Work request -
Send back the line that contains "TAMCO pink kids" and all lines following it through the end of the data below, exactly, omitting pictures.

Records drawn from a dataset:
☆ ☆ ☆ ☆
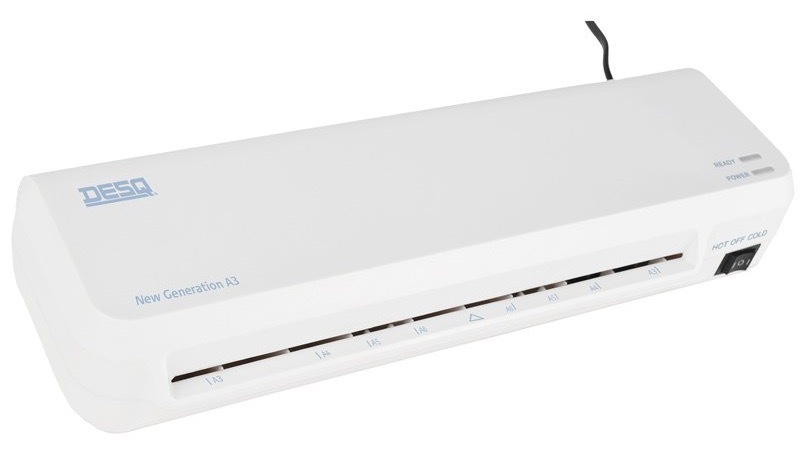 Laminátor DESQ New Generation A3 bílý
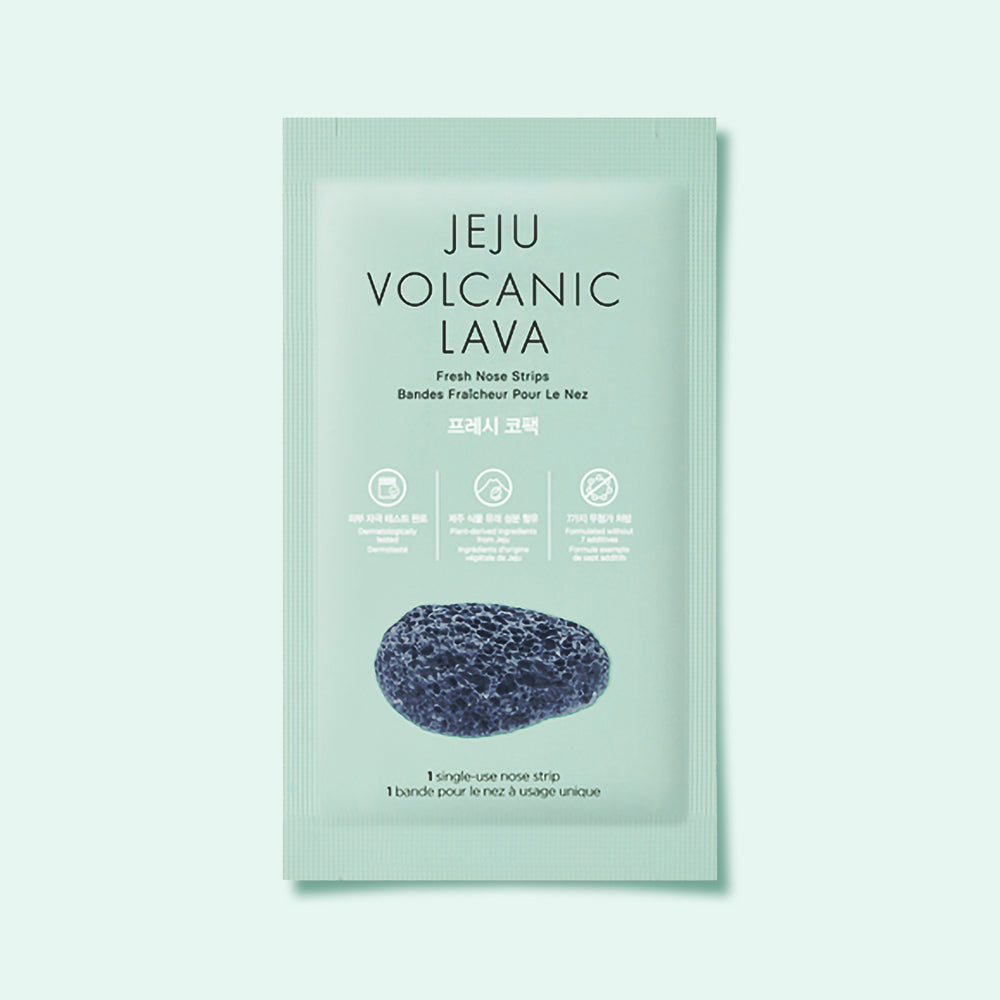JEJU VOLCANIC LAVA Fresh Nose Strips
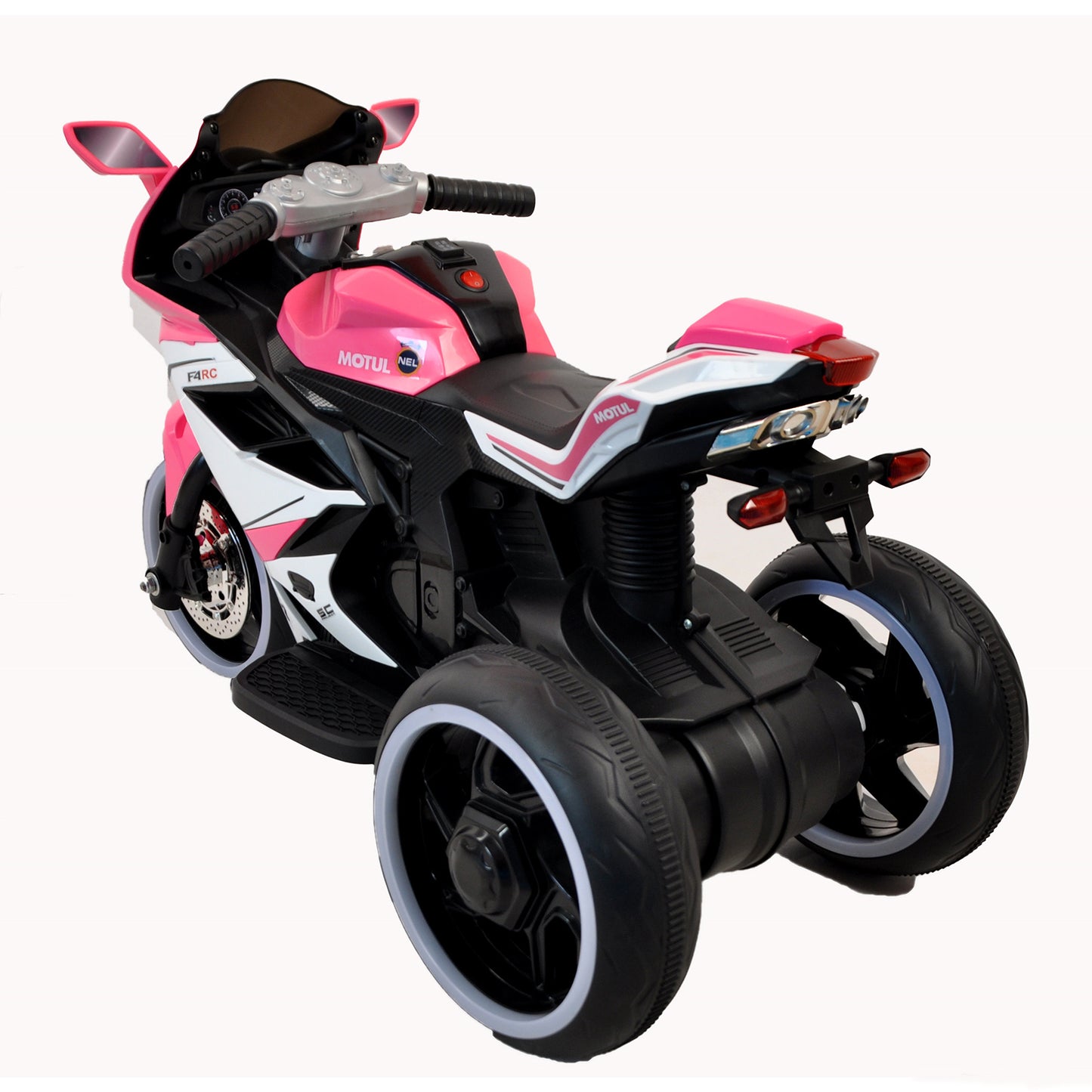 TAMCO pink kids motorcycle ,12V wheels with light, hand drive, electric motorcycle Children ride on motorcycle, NEL-1888, free shipping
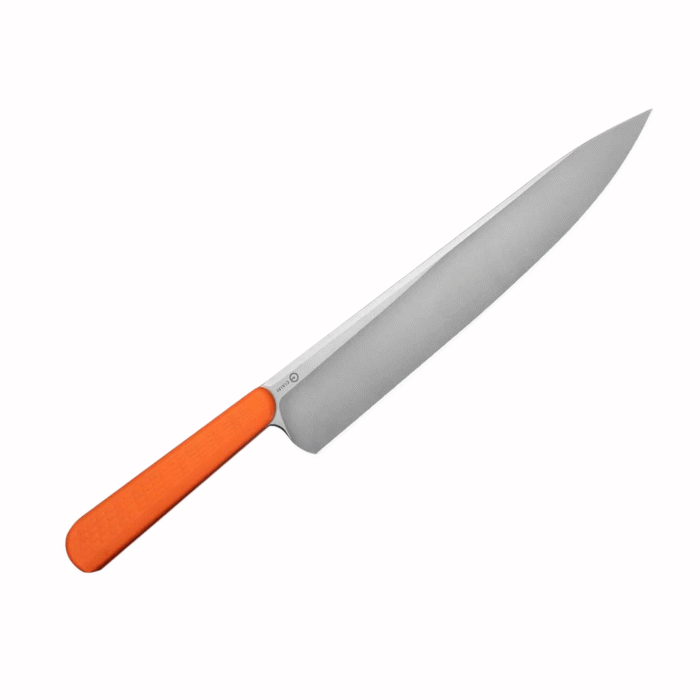 CIVIVI Cibus Milled Orange G10 Handle Satin Finished 14C28N Blade Model C23048-3 - Image 3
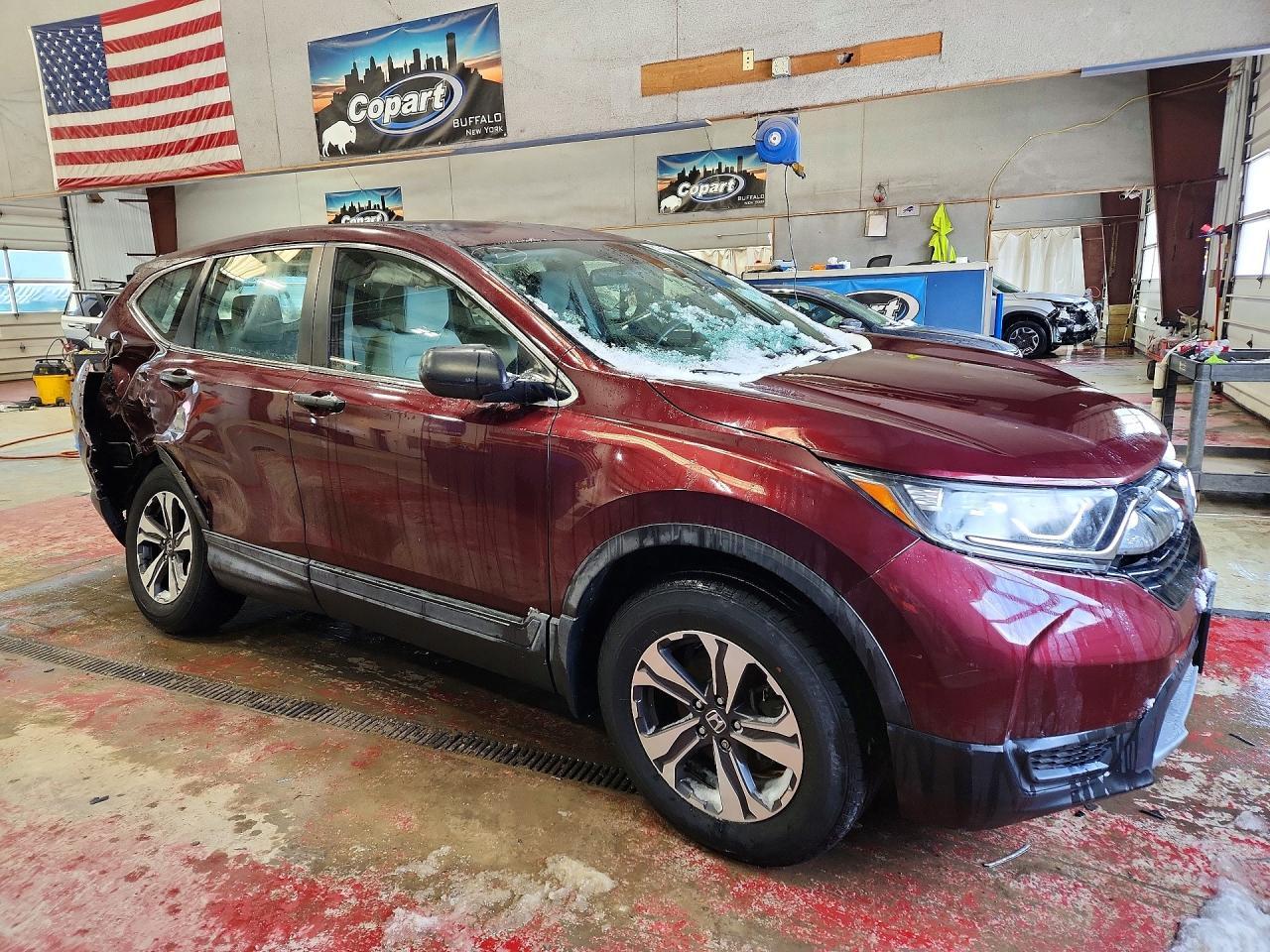 2018 Honda Cr-V Lx - Фото 4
☆ ☆ ☆ ☆
Result of the task -
 TAMCO pink kids motorcycle ,12V wheels with light, hand drive, electric motorcycle Children ride on motorcycle, NEL-1888, free shipping
 CIVIVI Cibus Milled Orange G10 Handle Satin Finished 14C28N Blade Model C23048-3 - Image 3
 2018 Honda Cr-V Lx - Фото 4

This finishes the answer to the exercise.